● **DATASET CONTENT**
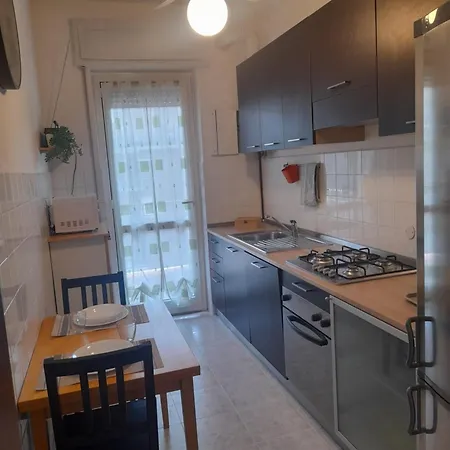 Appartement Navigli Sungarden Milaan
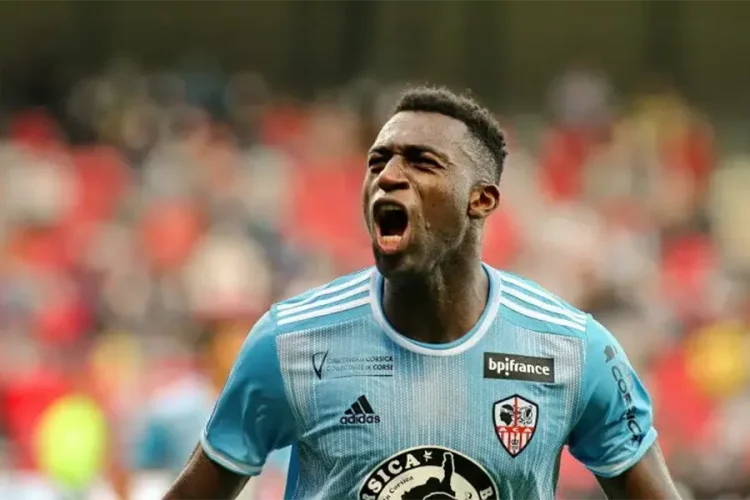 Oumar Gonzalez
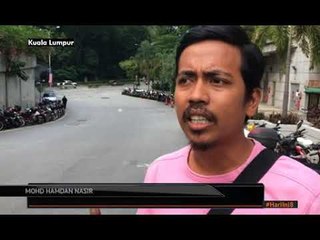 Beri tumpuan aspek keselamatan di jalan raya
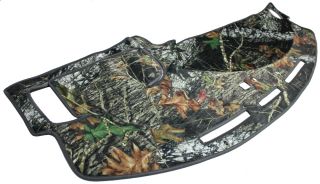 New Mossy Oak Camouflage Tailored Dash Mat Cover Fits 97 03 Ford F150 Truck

● **TASK INSTRUCTIONS**
Leave out the pictures and give the listing above again exactly.

● **RESULT OF THIS EXERCISE**
 Appartement Navigli Sungarden Milaan
 Oumar Gonzalez
 Beri tumpuan aspek keselamatan di jalan raya
 New Mossy Oak Camouflage Tailored Dash Mat Cover Fits 97 03 Ford F150 Truck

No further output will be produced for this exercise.